Islam is only the new kid on the block, complicating the subject tremendously. It is to another originally Middle Eastern esotiricism that some of my more militant objections to priviliges are reserved.
Unfortunately, the pope disagrees with this lack of privilige. We now have a pope who smugly states that France ought to reconsider her separation between church and state*. As worryingly, a French president who agrees with that, because he believes that 'sensitive urban areas' are plagued not by too much religion, but too little. (Perhaps he's right too...It is not Islam, it is a brew of internet-Islam, thuggery and disaffection that governs the suburbs. )
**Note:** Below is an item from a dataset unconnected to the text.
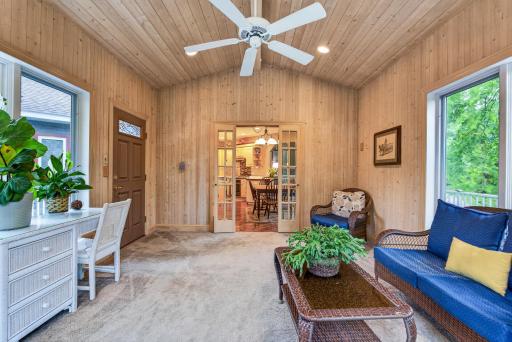 Whether enjoying your morning coffee or unwinding at the end of the day, this sunroom is designed to be enjoyed year-round.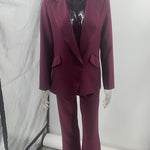 Margovil One Button Pocketed Blazer and Straight Leg Pants Power Suit Set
The same pope who rehabilitates the Society of St. Pius X - a far-right, anti-Republican, anti-modern, anti-Semitic, pro-Vichy, reactionary society. That this should've been done by a German pope with an SS past, operating from Rome, is a finesse that doesn't help either.
There is a lot of resentment over the current pope. Resulting, amongst others, in a far right ultra-Catholic group (aided by Frigide Barjot, can't deny them a sense of humour) clashing with leftist protestors before Notre Dame over the pope.
Meanwhile, I think Catholics should be grateful that we don't raze to the ground their triumphalist Sacré-Cœur, that emblem of Catholic dominance over secular France, a short-lived dominance not for the last time owing only to their German friends.
Yet, in a bizarre twist of plot, returning all of this sidetracking nicely to the subject of the OP and Boohugh's reaction: I wouldn't raze it if only for fear of next appearing a giant Mosque on Martyr Mountain. Am I too - secretly, unconsciously, in a rather ironic mirror image of my nightmare - hoping to make common cause with the Catholics to defend the very Catholic anthithesis, the Republic, against Islam?